The 31-year old Wall Street Journal correspondent is the first American journalist to be detained in Russia since the Cold War. He's now expected to be held at the notorious Lefortovo Prison until at least through the end of May, following the judge rejecting his legal challenge to pre-trial detention.
His lawyers tried to argue he should be freed on bail or placed under house arrest. The bail suggested was 50 million roubles (or $614,000) - but the court cited the severity of the charges to deny the requests.
If convicted he could face 20 years in prison. The US considers that he's a hostage of the Russian government, following the US changing his status last week to "wrongfully detained". He's reportedly optimistic, having met with the US ambassador to Moscow Lynne Tracy the day prior to his court appearance:
“He’s in good health and remains strong,” Tracy said after their meeting. “We reiterate our call for his immediate release.”
His attorney, Tatiana Nozhkina, told reporters Gershkovich was reading Russian literature and is “in a combative mood, denies he is guilty, and is ready to prove it.”

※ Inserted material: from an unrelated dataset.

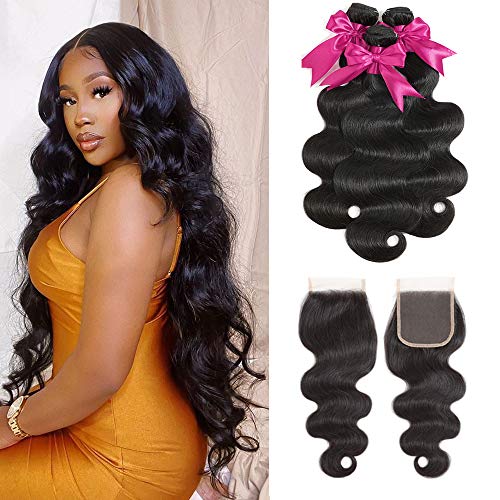 Body Wave Human Hair Bundles with Closure (18 20 22+16 Inches) 9A Brazilian Human Hair Bundles with Closure 100% Unprocessed Virgin Body Wave Hair Weave 3 Bundles with 4x4 Free Part Lace Closure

President Biden has said "it’s totally illegal what’s happening," while the State Department decried the Kremlin's "ongoing war against the truth" and persecution of journalists.
The Biden administration’s special presidential envoy for hostage affairs, Roger Carstens, said last week: "The most important thing is we know Evan’s not a spy. He never was a spy. He’s never worked for the U.S. government. He’s a journalist who works for The Wall Street Journal. And as the president and secretary said, ‘Journalism’s not a crime."
In late March, Russia's Federal Security Service, known as FSB, said in a statement it detained Gershkovich in the eastern city of Yekaterinburg, about 900 miles east of Moscow in the Ural Mountains.
The FSB said the reporter was there "on the instructions of the United States" and that "he was collecting information about one of the enterprises of the Russian military-industrial complex, which constitutes a state secret." But the WSJ has emphasized he was in Russian doing standard investigative reporting.